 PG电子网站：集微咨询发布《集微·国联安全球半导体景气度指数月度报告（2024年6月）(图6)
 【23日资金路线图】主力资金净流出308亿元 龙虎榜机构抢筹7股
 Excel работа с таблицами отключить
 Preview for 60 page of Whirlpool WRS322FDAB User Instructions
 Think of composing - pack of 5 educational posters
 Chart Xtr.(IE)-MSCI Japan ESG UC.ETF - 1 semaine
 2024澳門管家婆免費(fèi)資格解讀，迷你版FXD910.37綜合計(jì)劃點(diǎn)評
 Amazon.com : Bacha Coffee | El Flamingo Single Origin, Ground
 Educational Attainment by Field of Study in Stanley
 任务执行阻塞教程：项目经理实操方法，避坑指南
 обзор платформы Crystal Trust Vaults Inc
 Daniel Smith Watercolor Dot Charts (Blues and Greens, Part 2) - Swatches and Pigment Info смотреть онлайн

□ □ □ □ □

TASK DESCRIPTION: Starting at the line with "2024澳門管家婆免費(fè", print each remaining line of the listing above exactly as it appears.

ANSWER BELOW:
 2024澳門管家婆免費(fèi)資格解讀，迷你版FXD910.37綜合計(jì)劃點(diǎn)評
 Amazon.com : Bacha Coffee | El Flamingo Single Origin, Ground
 Educational Attainment by Field of Study in Stanley
 任务执行阻塞教程：项目经理实操方法，避坑指南
 обзор платформы Crystal Trust Vaults Inc
 Daniel Smith Watercolor Dot Charts (Blues and Greens, Part 2) - Swatches and Pigment Info смотреть онлайн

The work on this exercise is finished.